So how did Nina come to be a transplanted Texan?

After Alfredo's murder, Nina's maternal grandmother became ill with a heart condition. Amanda took her to Houston for treatment.

"That's how my mother discovered this place called Texas," says Nina, who stayed in California to sell her father's travel agency. "This was 1989. The price of oil was very low. People were walking away from their homes. She had this vision that our family could create a better life here in Texas."

Nina begged her mother to go to college. "She said, 'You can go to college as long as you stay close to home.' "

Nina enrolled in Southwest Texas State (now Texas State) University in San Marcos.

"LA girl dropped in a tiny little college town," she says. "I didn't know a soul there, and very few people looked like me. But I've been a risk-taker all my life.

"Fast-forward, today, I'm proud to have an endowment in my name there at that small but mighty university."

Vaca was named a distinguished alumna in 2012 - the youngest in university history - a distinction she shares with former President Lyndon Baines Johnson.

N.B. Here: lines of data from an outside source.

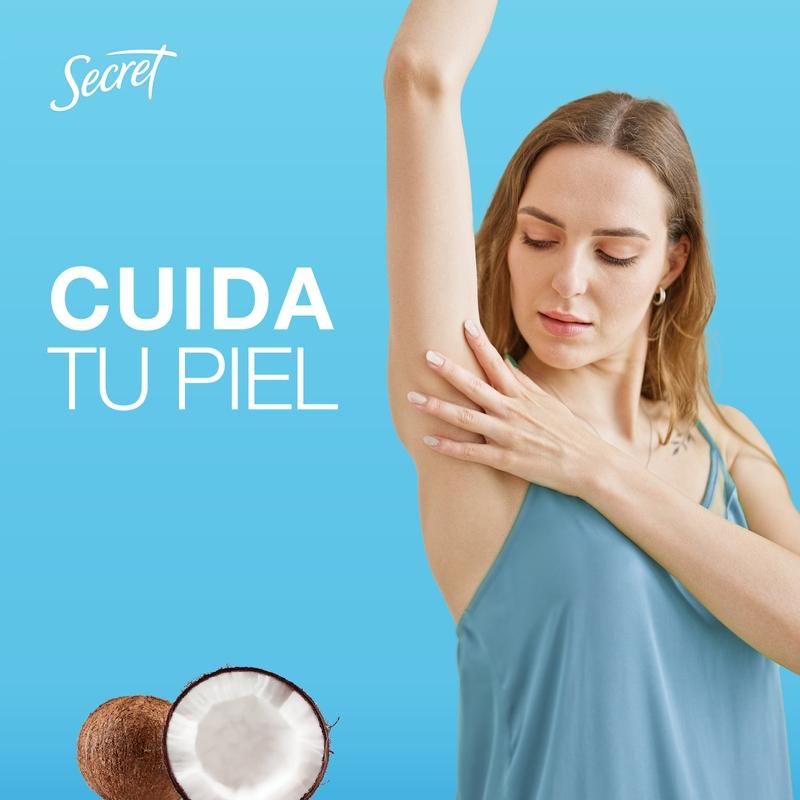 Barra Invisible Antitranspirante Secret Coconut 45 g - Farmacias Arrocha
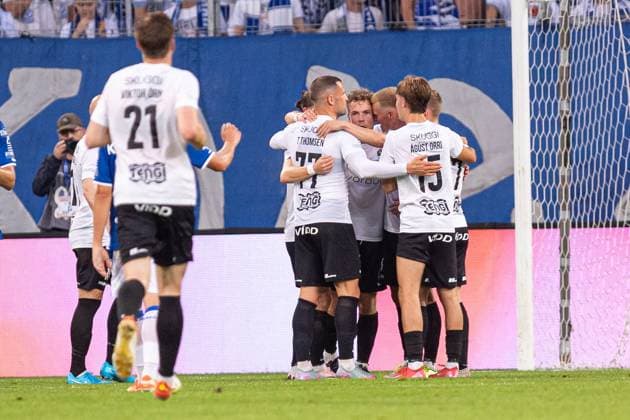 POZNAN 22.07.2025 MECZ II RUNDA ELIMINACYJNA LIGA MISTRZOW SEZON 2025 26: LECH POZNAN - BREIDABLIK --- UEFA CHAMPIONS LEAGUE SECOND QUALIFYING ROUND FIRST MATCH: LECH POZNAN - BREIDABLIK nz HOSKULDUR GUNNALAUGSSON GOL GOAL CIESZYNKA RADOSC DRUZYNA TEAM FOT. ERNEST KOLODZIEJ 400mm.pl NEWSPIX.PL --- newspix.pl 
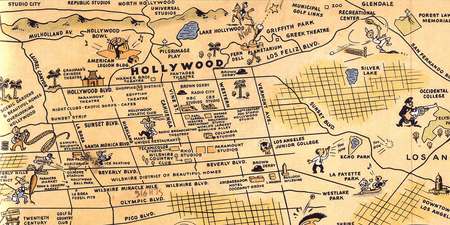 Image of: 10 Unusual Maps of Los Angeles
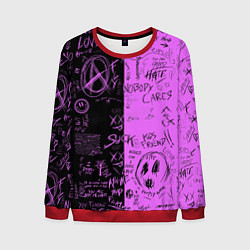 Свитшот мужской Dead inside purple black, цвет: 3D-красный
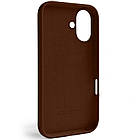 Чохол Silicone Full Cover для Apple iPhone 17 Dark Brown, фото 2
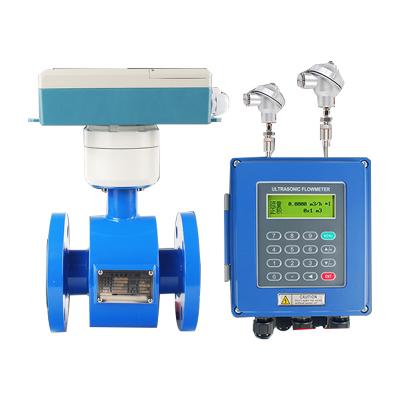 China DN15-DN1000 4-20mA RS485 flange connection elctromagnetic flowmeter cold-hot scale KCHS-200 for sale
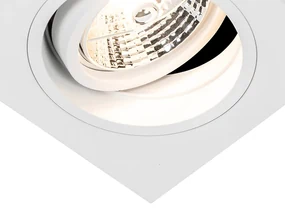 Set 6 becuri Spot modern încastrat alb reglabil - Chuck 70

As a 25-year-old, she launched Pinnacle in October 1996, bringing in $30,000 by year's end.

"Everything was going great from '96 to 2001," she recalls. "I got married in 1999. Had my first millennial baby in 2000. I had my second baby girl two days after 9/11."

The terrorist attacks sent her industry and her company into a deep chasm.

Vaca dug in, used her life savings, mortgaged her home and hired IT talent that others had let go.

"We came out of that recession kicking," she says.

—-

Verizon and AT&T gave Vaca her first big boosts in late 2001.

In 2007, EDS signed a $160 million contract with Pinnacle, which was generating only about $40 million in annual revenue at the time. "It was the proverbial whale that took us into 45 states," she says.

Comcast came on board nearly four years ago. Pinnacle manages the telecom giant's contingent IT labor force and hundreds of tech suppliers throughout its organization.

"Comcast gave us an opportunity to do something extremely strategic and big," she says. "But what they really did was give women-owned businesses hope."

And MetLife just entered the big picture.

"Pinnacle keeps kicking butt," says Vaca, who stands all of 5 feet.

Kneeland Youngblood, one of the nation's most successful private equity managers, has mentored Vaca for more than a decade, having spotted a bit of his younger self in her.

"What I saw in Nina was a woman who was bright, driven, with a track record of success who wanted to achieve even more," says the black 61-year-old founding partner of Dallas-based Pharos Capital Group LLC. "She listens and she acts."

For example, Youngblood encouraged Vaca to seek corporate board positions and gave her names of headhunters who could help.

"Soon enough, she was on the boards of Comerica, Kohl's and Cinemark," he says. "It's enhanced not only her visibility but also has given her insight into how Fortune 500 companies operate, and how she can inculcate that type of knowledge and experience within her own organization."

—-

Vaca, who became naturalized when she was in her 20s, views U.S. citizenship as a blessing and not a given, believes that failure is never an option and that give-back is an abject responsibility.

Amanda, who at 71 is retired in Houston, says her daughter was a good pupil.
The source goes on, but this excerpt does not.